▸ Problem statement:
Copy every record word for word. The images stay behind.

[Extracted material — start]

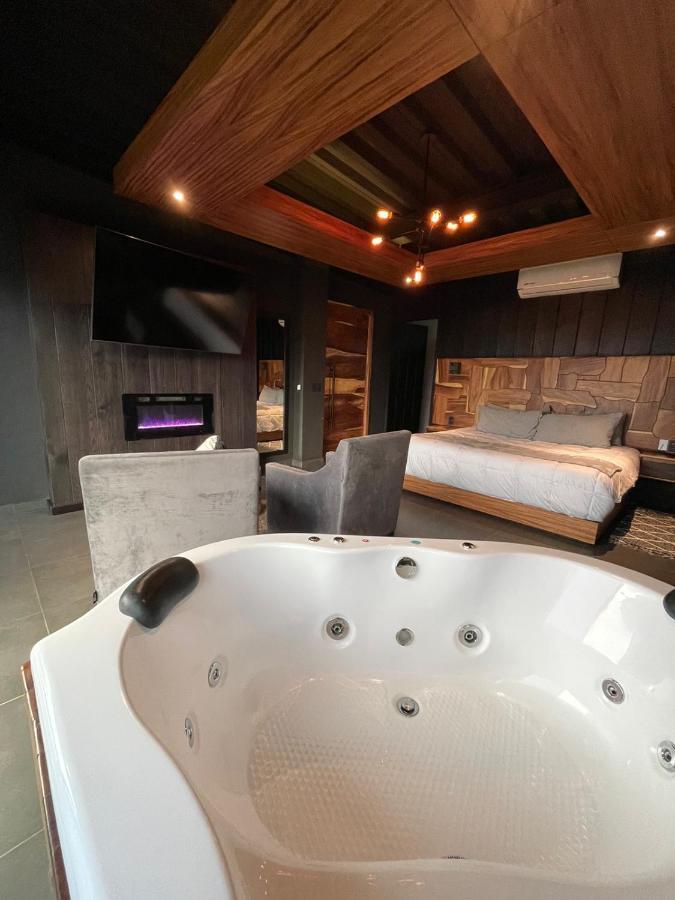 Temexkal Resort Ensenada Eksteriør bilde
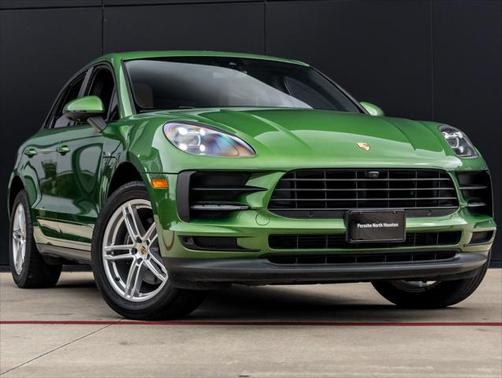 2019 Porsche Macan Base
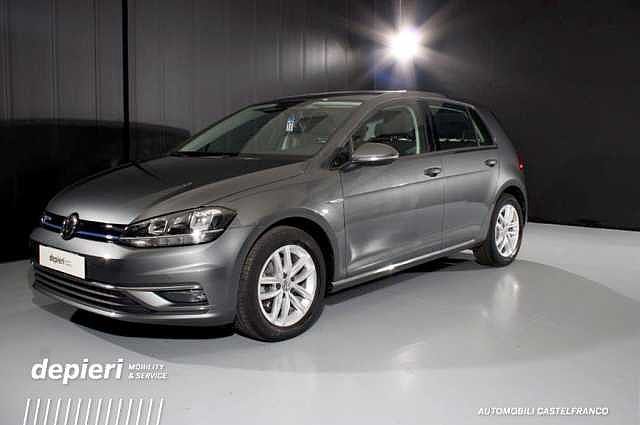 Volkswagen Golf 1.5 TGI DSG 5p Business (Metano)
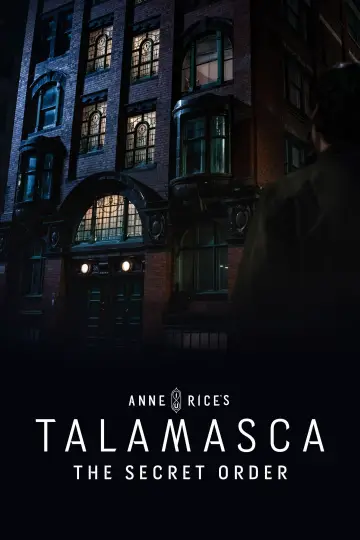 Poster for the TV series "Talamasca: The Secret Order" #1423092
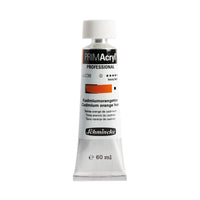 Farba akrylowa Schmincke PRIMAcryl Professional 60 ml – 238 Oranż kadmowy (odcień)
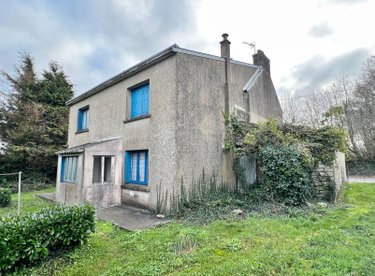 Maison a vendre Scaër 29390 Finistère 90 m2 8 pièces 37400 euros
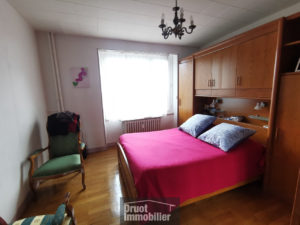 Appartement T4 Rodez Ave Victor Hugo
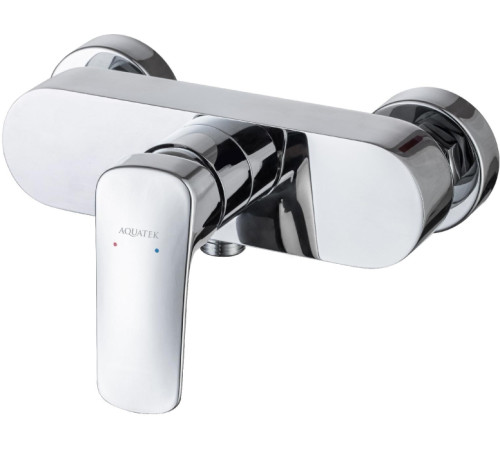 Смеситель для душа Aquatek Вега хром AQ1060CR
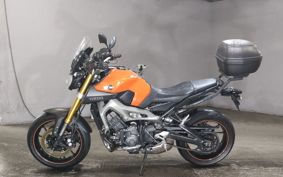 YAMAHA MT-09 RN34J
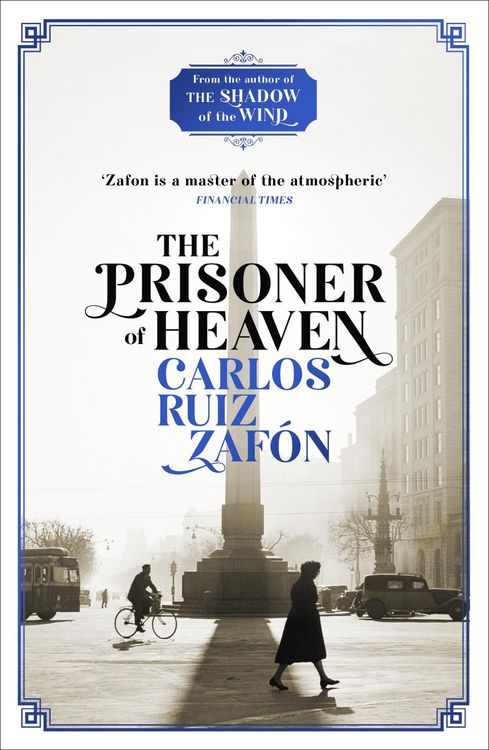 Produktbild: The Prisoner of Heaven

[Extracted material — finish]

▸ Answer section:
 Temexkal Resort Ensenada Eksteriør bilde
 2019 Porsche Macan Base
 Volkswagen Golf 1.5 TGI DSG 5p Business (Metano)
 Poster for the TV series "Talamasca: The Secret Order" #1423092
 Farba akrylowa Schmincke PRIMAcryl Professional 60 ml – 238 Oranż kadmowy (odcień)
 Maison a vendre Scaër 29390 Finistère 90 m2 8 pièces 37400 euros
 Appartement T4 Rodez Ave Victor Hugo
 Смеситель для душа Aquatek Вега хром AQ1060CR
 YAMAHA MT-09 RN34J
 Produktbild: The Prisoner of Heaven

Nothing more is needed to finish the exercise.